[Scraped caption text data]
+===+
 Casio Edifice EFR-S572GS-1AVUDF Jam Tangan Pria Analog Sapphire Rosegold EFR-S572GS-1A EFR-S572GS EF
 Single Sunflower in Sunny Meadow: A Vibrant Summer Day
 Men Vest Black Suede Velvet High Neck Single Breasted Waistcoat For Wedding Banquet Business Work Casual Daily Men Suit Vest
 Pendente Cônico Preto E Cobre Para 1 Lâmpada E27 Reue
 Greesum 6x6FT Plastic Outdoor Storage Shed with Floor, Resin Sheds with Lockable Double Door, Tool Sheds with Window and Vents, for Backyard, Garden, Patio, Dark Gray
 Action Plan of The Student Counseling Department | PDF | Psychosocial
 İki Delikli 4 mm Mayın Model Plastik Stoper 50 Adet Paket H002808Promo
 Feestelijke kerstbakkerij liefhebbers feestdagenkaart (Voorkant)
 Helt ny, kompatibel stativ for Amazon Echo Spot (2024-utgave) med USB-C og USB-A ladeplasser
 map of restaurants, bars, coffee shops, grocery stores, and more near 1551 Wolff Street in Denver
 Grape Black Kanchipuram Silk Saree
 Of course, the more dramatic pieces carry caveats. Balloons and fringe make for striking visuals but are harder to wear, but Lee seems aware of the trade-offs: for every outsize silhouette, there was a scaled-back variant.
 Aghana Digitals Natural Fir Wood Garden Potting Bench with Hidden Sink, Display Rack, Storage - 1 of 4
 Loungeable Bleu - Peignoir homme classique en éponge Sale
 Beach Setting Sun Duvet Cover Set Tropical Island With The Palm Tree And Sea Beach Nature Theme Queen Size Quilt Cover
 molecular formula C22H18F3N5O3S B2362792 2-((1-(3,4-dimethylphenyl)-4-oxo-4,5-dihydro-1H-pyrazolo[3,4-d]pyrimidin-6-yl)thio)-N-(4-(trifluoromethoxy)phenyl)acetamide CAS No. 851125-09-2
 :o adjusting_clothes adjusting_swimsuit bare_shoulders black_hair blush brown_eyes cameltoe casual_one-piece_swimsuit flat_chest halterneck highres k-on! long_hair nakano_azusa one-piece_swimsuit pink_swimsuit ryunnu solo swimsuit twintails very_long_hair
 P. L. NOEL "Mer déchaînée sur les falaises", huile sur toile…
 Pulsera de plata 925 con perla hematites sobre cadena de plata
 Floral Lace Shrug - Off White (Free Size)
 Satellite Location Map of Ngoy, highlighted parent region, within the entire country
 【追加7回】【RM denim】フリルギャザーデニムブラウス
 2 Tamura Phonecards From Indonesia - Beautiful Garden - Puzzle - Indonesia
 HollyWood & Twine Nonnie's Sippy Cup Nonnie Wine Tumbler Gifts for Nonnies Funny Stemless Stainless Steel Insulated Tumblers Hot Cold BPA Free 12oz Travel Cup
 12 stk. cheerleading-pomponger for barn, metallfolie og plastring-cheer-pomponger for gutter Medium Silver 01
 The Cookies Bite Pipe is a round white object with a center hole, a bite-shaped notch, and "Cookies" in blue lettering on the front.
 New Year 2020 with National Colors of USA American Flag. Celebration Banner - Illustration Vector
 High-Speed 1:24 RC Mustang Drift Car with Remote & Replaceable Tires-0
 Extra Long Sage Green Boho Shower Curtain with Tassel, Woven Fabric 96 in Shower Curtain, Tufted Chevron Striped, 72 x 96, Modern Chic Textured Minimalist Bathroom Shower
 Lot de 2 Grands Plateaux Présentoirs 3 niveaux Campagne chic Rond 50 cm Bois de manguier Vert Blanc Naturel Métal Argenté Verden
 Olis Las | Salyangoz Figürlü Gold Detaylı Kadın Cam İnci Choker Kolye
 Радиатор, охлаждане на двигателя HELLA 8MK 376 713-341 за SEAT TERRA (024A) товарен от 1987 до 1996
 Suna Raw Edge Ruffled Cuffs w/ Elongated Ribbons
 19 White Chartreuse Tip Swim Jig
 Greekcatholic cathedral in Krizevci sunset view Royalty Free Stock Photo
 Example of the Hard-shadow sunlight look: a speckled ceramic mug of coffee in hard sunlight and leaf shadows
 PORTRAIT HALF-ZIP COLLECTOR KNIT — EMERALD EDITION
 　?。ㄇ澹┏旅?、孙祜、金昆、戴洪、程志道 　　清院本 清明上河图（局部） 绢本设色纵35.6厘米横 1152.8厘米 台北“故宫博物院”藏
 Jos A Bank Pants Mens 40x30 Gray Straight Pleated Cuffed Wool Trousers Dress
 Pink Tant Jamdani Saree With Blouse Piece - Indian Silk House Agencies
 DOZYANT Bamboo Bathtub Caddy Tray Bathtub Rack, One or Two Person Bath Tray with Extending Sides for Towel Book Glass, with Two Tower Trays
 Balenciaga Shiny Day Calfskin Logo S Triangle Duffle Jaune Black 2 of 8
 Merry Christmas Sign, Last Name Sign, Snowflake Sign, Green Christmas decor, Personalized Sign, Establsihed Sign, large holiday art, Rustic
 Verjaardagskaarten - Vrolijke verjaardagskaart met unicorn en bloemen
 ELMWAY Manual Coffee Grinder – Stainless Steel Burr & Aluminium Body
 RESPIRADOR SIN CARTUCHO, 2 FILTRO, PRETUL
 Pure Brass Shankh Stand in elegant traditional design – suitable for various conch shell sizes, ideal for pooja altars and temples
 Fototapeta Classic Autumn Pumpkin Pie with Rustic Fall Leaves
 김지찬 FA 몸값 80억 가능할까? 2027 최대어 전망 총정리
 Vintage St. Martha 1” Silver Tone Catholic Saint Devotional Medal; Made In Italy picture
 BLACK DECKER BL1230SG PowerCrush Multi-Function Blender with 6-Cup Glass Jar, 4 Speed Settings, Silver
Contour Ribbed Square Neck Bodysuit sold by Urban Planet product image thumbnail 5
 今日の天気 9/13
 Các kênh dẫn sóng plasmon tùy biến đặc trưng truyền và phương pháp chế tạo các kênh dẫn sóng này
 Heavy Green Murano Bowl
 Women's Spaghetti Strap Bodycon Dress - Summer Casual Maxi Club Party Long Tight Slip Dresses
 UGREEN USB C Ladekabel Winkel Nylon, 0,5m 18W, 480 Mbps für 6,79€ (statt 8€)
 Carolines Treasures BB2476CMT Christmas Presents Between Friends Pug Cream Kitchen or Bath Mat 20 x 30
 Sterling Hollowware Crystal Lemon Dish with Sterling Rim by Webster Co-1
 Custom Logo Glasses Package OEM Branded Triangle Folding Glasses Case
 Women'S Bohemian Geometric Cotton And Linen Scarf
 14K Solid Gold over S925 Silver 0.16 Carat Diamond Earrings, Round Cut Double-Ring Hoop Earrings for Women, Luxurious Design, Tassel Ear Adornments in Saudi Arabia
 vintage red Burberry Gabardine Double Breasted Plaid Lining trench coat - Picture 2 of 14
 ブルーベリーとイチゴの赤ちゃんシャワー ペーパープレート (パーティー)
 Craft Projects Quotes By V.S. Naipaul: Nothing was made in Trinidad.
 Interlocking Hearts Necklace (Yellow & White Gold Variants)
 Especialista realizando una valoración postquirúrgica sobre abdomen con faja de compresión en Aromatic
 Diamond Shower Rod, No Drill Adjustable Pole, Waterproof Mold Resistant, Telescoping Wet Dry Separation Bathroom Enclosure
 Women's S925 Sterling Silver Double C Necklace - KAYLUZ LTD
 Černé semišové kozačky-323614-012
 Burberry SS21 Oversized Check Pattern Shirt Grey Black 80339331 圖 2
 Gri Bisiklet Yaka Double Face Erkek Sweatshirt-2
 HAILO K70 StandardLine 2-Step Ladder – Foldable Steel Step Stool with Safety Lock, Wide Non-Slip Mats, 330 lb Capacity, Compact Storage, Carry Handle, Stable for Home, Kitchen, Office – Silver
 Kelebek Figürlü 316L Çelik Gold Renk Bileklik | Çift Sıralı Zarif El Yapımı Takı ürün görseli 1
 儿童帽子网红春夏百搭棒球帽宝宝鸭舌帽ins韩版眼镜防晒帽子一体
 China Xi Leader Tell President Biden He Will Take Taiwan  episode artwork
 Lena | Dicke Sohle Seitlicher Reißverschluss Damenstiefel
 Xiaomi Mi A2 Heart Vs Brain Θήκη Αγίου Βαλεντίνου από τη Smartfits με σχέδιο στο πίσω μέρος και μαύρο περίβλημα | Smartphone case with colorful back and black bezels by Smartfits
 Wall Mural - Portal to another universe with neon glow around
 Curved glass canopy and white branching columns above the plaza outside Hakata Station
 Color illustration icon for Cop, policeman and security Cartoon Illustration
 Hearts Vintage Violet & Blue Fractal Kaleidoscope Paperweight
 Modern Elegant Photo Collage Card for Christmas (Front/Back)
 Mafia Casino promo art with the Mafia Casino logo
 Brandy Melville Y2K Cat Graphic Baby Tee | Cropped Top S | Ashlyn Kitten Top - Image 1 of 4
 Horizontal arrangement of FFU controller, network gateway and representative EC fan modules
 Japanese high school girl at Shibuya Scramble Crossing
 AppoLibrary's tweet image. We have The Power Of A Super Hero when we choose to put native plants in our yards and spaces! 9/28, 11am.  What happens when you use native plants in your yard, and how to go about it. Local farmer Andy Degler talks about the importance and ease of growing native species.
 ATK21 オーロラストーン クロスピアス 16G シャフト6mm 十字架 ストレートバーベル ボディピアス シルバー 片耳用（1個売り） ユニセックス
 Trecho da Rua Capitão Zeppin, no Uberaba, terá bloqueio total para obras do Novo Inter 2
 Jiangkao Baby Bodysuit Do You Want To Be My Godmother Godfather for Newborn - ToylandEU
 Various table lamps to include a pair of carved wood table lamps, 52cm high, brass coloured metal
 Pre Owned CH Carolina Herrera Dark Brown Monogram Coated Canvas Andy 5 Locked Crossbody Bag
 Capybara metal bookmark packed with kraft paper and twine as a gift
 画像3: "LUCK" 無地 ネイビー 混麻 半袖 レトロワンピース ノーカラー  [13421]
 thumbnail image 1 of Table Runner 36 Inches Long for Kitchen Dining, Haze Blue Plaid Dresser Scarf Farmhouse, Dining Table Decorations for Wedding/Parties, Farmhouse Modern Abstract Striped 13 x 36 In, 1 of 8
+===+
[Required work] Stopping at the line containing "swimsuit twintails very_long_hair", please repeat exactly every line from the very start of the entries, that line included, and nothing more.

[Output below]
 Casio Edifice EFR-S572GS-1AVUDF Jam Tangan Pria Analog Sapphire Rosegold EFR-S572GS-1A EFR-S572GS EF
 Single Sunflower in Sunny Meadow: A Vibrant Summer Day
 Men Vest Black Suede Velvet High Neck Single Breasted Waistcoat For Wedding Banquet Business Work Casual Daily Men Suit Vest
 Pendente Cônico Preto E Cobre Para 1 Lâmpada E27 Reue
 Greesum 6x6FT Plastic Outdoor Storage Shed with Floor, Resin Sheds with Lockable Double Door, Tool Sheds with Window and Vents, for Backyard, Garden, Patio, Dark Gray
 Action Plan of The Student Counseling Department | PDF | Psychosocial
 İki Delikli 4 mm Mayın Model Plastik Stoper 50 Adet Paket H002808Promo
 Feestelijke kerstbakkerij liefhebbers feestdagenkaart (Voorkant)
 Helt ny, kompatibel stativ for Amazon Echo Spot (2024-utgave) med USB-C og USB-A ladeplasser
 map of restaurants, bars, coffee shops, grocery stores, and more near 1551 Wolff Street in Denver
 Grape Black Kanchipuram Silk Saree
 Of course, the more dramatic pieces carry caveats. Balloons and fringe make for striking visuals but are harder to wear, but Lee seems aware of the trade-offs: for every outsize silhouette, there was a scaled-back variant.
 Aghana Digitals Natural Fir Wood Garden Potting Bench with Hidden Sink, Display Rack, Storage - 1 of 4
 Loungeable Bleu - Peignoir homme classique en éponge Sale
 Beach Setting Sun Duvet Cover Set Tropical Island With The Palm Tree And Sea Beach Nature Theme Queen Size Quilt Cover
 molecular formula C22H18F3N5O3S B2362792 2-((1-(3,4-dimethylphenyl)-4-oxo-4,5-dihydro-1H-pyrazolo[3,4-d]pyrimidin-6-yl)thio)-N-(4-(trifluoromethoxy)phenyl)acetamide CAS No. 851125-09-2
 :o adjusting_clothes adjusting_swimsuit bare_shoulders black_hair blush brown_eyes cameltoe casual_one-piece_swimsuit flat_chest halterneck highres k-on! long_hair nakano_azusa one-piece_swimsuit pink_swimsuit ryunnu solo swimsuit twintails very_long_hair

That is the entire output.